Linear Discriminant Analysis vs. Principal Component Analysis: Which Method is Better for Dimensionality Reduction?

January 12, 2022

Introduction

In machine learning, it's common to have a dataset with a large number of features. While having a large number of features can be helpful for building accurate models, it can also lead to overfitting and slow model training time. Dimensionality reduction is a technique that can help solve these issues by reducing the number of features in a dataset while preserving the important information. Two commonly used dimensionality reduction techniques are Linear Discriminant Analysis (LDA) and Principal Component Analysis (PCA). In this blog post, we will look at the differences between these two techniques and help you decide which one is better for your needs.

Linear Discriminant Analysis (LDA)

LDA is a supervised learning technique that is commonly used for classification problems. The goal of LDA is to find a linear combination of features that maximizes the separation between classes.
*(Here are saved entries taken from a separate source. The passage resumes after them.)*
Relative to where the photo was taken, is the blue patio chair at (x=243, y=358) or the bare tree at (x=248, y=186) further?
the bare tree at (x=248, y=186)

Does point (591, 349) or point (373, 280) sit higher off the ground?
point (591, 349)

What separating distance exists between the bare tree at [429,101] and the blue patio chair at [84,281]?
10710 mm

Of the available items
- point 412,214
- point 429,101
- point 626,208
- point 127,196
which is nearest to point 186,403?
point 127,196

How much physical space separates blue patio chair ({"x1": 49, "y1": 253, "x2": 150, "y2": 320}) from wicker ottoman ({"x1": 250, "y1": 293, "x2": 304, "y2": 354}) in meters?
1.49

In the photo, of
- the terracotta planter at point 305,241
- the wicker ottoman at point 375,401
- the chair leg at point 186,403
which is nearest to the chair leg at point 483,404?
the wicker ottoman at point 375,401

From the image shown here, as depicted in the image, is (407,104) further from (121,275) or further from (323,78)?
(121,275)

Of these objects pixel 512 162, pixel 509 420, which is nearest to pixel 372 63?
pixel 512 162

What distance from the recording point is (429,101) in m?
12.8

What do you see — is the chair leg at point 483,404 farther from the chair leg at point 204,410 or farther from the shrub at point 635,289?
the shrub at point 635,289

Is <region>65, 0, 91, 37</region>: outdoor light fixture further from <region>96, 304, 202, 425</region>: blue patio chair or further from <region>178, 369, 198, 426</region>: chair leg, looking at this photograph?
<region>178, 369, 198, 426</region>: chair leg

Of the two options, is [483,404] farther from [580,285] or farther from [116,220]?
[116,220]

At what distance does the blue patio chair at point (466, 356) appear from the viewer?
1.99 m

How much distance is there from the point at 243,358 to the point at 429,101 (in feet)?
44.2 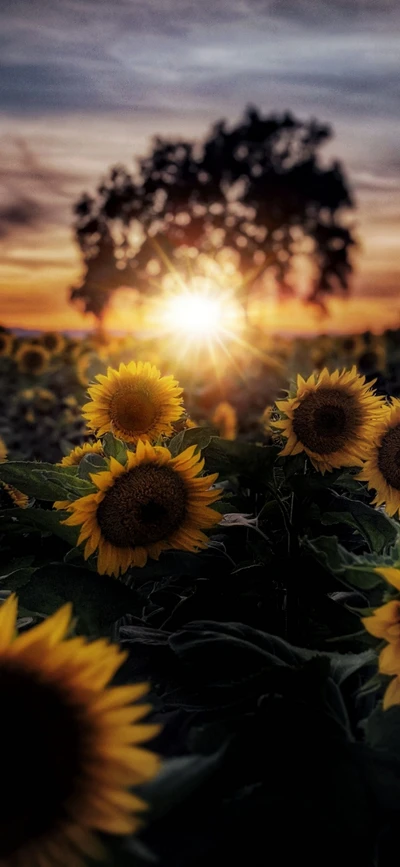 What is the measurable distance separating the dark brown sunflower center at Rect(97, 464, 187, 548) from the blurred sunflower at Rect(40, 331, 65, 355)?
12851 mm

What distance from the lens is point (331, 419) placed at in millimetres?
2070

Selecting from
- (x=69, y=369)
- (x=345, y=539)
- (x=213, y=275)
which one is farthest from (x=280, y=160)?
(x=345, y=539)

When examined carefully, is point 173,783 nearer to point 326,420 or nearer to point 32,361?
point 326,420

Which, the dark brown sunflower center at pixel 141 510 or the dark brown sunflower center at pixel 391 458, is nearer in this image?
the dark brown sunflower center at pixel 141 510

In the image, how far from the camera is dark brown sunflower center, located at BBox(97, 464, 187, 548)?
1.84m

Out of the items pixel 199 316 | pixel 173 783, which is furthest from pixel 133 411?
pixel 199 316

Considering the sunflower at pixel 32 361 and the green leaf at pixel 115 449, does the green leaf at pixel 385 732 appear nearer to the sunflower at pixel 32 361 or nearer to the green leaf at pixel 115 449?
the green leaf at pixel 115 449

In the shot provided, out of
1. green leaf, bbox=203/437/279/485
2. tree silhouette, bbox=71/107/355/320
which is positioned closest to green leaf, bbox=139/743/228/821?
green leaf, bbox=203/437/279/485

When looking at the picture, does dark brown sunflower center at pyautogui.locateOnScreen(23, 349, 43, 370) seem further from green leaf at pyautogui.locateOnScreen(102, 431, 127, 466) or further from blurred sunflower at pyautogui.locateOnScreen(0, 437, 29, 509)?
green leaf at pyautogui.locateOnScreen(102, 431, 127, 466)

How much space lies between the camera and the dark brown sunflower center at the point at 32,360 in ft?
42.0

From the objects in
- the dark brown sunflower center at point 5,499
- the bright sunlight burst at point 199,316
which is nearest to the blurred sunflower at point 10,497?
the dark brown sunflower center at point 5,499

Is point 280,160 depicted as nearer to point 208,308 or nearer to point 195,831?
point 208,308

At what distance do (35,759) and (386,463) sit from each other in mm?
1340

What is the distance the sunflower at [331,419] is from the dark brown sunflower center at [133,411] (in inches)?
15.8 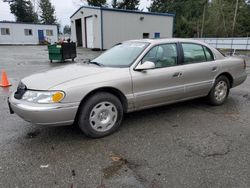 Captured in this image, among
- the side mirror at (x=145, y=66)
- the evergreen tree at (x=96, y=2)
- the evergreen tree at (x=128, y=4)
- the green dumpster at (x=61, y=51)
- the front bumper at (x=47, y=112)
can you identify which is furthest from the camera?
the evergreen tree at (x=128, y=4)

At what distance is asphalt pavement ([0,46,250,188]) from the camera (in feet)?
8.05

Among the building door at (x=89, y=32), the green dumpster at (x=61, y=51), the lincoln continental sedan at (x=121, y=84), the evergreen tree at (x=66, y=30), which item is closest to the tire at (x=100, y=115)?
the lincoln continental sedan at (x=121, y=84)

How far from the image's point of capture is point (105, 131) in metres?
3.50

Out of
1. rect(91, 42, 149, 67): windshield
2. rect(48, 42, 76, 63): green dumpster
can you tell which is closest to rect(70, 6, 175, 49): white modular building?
rect(48, 42, 76, 63): green dumpster

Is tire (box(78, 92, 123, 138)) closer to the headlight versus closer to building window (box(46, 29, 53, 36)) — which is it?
the headlight

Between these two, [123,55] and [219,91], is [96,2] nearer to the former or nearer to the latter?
[219,91]

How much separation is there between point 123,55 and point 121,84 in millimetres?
840

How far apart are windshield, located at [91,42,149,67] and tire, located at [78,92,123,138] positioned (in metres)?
0.72

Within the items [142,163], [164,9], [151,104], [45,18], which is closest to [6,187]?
[142,163]

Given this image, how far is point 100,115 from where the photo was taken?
344 cm

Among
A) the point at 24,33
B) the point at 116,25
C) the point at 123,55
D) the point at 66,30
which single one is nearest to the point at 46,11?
the point at 66,30

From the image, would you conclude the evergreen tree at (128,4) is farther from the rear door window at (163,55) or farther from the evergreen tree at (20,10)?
the rear door window at (163,55)

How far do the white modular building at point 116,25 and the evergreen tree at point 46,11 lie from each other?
155 ft

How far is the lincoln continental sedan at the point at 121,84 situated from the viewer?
3053mm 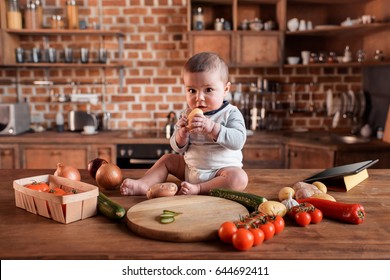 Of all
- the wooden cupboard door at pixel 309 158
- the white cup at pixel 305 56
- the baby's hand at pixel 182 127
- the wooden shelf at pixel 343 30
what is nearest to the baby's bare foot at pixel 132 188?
the baby's hand at pixel 182 127

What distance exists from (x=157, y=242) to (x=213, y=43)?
9.65 ft

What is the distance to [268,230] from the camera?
1.11 meters

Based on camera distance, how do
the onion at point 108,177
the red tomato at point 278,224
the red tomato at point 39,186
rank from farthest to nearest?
the onion at point 108,177, the red tomato at point 39,186, the red tomato at point 278,224

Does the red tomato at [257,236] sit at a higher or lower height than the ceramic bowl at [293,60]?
lower

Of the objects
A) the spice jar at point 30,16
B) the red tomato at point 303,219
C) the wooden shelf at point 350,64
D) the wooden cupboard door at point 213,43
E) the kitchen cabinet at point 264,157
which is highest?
the spice jar at point 30,16

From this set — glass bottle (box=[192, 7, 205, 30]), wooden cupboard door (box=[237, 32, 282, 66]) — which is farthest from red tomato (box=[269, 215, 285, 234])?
glass bottle (box=[192, 7, 205, 30])

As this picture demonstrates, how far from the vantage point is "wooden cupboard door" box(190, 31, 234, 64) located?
3811 millimetres

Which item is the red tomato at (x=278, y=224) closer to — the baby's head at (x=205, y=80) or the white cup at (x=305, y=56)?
the baby's head at (x=205, y=80)

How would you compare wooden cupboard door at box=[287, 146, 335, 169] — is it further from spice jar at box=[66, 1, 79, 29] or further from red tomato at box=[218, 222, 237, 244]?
red tomato at box=[218, 222, 237, 244]

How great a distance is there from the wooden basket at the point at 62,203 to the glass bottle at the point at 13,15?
114 inches

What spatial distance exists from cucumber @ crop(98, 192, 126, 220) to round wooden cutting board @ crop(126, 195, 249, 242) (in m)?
0.02

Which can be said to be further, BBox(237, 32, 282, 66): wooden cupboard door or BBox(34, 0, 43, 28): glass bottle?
BBox(34, 0, 43, 28): glass bottle

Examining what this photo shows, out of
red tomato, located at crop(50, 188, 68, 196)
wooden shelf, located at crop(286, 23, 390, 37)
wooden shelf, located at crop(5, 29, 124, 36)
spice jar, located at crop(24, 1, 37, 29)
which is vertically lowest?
red tomato, located at crop(50, 188, 68, 196)

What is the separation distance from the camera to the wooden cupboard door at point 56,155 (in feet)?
12.0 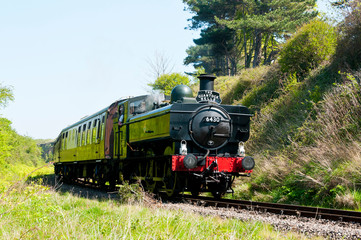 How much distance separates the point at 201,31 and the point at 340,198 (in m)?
33.1

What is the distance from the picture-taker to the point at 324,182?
9750 mm

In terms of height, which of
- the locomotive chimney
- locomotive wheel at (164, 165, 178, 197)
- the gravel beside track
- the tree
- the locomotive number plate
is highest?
the tree

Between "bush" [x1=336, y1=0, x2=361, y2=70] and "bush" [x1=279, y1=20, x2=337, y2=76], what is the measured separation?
155 cm

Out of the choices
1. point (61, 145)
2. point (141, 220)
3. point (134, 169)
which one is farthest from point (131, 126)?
point (61, 145)

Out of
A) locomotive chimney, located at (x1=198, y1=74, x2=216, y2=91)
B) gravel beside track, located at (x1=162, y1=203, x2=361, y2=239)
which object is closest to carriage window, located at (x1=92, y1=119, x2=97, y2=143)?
locomotive chimney, located at (x1=198, y1=74, x2=216, y2=91)

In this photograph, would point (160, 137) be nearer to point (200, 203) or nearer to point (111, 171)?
point (200, 203)

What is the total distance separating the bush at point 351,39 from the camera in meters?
14.9

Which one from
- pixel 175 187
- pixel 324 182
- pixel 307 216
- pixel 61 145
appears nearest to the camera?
pixel 307 216

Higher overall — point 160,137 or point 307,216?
point 160,137

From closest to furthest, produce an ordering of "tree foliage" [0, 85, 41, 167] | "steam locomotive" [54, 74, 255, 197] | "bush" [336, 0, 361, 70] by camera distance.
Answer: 1. "steam locomotive" [54, 74, 255, 197]
2. "bush" [336, 0, 361, 70]
3. "tree foliage" [0, 85, 41, 167]

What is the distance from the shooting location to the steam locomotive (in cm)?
1009

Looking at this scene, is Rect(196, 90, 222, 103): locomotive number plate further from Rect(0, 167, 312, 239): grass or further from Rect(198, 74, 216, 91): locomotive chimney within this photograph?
Rect(0, 167, 312, 239): grass

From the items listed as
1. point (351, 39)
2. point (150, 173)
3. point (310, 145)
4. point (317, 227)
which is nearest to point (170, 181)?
point (150, 173)

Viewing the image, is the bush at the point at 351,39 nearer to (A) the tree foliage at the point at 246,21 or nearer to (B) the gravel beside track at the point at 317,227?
(B) the gravel beside track at the point at 317,227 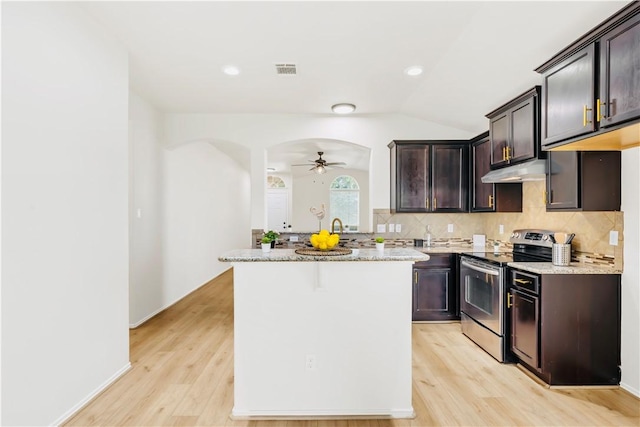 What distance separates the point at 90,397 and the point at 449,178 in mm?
4391

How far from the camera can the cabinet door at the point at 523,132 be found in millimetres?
2934

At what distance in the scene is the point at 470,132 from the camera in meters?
4.64

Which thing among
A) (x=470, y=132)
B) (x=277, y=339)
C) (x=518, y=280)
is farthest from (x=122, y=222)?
(x=470, y=132)

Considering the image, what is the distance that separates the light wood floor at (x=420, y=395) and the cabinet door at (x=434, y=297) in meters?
0.55

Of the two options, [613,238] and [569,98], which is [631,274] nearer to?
[613,238]

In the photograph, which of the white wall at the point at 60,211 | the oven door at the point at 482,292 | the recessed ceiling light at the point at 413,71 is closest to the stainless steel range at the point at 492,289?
the oven door at the point at 482,292

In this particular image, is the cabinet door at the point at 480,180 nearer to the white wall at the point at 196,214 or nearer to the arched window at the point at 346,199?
the white wall at the point at 196,214

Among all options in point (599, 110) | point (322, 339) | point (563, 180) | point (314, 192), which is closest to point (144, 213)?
point (322, 339)

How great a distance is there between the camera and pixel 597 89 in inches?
84.4

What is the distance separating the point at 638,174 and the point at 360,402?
2598 mm

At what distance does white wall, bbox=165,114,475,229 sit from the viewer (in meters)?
4.75

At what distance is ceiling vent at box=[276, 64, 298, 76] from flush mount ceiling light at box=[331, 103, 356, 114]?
1037 millimetres

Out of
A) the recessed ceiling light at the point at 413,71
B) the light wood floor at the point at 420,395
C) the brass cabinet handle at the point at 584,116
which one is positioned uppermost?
the recessed ceiling light at the point at 413,71

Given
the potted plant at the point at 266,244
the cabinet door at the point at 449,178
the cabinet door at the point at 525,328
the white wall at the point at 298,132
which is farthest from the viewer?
the white wall at the point at 298,132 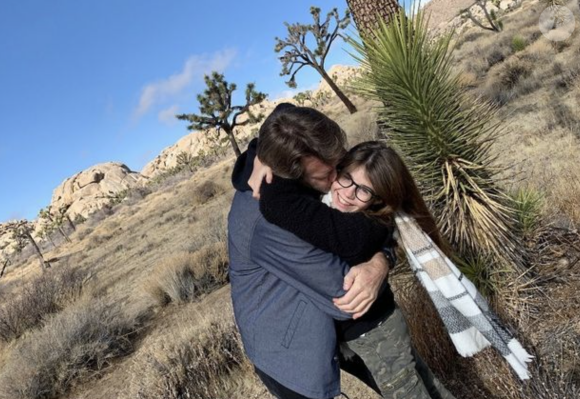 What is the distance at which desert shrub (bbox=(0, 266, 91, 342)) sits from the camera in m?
8.41

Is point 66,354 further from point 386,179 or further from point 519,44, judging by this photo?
point 519,44

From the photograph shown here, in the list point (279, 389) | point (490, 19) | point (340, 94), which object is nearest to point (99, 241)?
point (340, 94)

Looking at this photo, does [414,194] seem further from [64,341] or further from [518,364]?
[64,341]

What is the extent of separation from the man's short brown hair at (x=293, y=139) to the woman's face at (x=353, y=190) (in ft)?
0.85

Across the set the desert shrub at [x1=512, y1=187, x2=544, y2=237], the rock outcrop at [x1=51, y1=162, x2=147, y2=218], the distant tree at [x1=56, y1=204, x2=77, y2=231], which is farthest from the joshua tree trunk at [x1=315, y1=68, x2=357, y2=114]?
the rock outcrop at [x1=51, y1=162, x2=147, y2=218]

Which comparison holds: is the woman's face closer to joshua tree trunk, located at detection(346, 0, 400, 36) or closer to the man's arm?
the man's arm

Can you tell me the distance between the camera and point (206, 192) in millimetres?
24125

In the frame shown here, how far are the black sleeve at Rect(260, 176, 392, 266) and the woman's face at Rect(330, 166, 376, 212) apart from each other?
9.5 inches

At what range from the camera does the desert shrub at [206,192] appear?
78.4 ft

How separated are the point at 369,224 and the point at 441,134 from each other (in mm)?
2163

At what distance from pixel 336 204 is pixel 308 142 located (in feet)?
1.49

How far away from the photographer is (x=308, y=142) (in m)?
1.68

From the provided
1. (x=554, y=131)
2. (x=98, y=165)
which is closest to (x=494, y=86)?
(x=554, y=131)

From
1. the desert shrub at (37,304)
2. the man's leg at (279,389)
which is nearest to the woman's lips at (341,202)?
the man's leg at (279,389)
Here are some advantages of LDA:

LDA can handle multiple classes with a small number of samples for each class.
LDA can be used for feature extraction as well as dimensionality reduction.
LDA assumes that the data follows a normal distribution.

Here are some disadvantages of LDA:

LDA is sensitive to outliers in the data.
LDA assumes that the classes have equal covariance matrices, which may not always be the case.

Principal Component Analysis (PCA)

PCA is an unsupervised learning technique that is commonly used for feature extraction and dimensionality reduction. The goal of PCA is to find a lower-dimensional representation of the data that preserves as much of the variance as possible.

Here are some advantages of PCA:

PCA is computationally efficient and can handle a large number of samples and features.
PCA can be used for feature extraction as well as dimensionality reduction.
PCA does not assume any specific distribution for the data.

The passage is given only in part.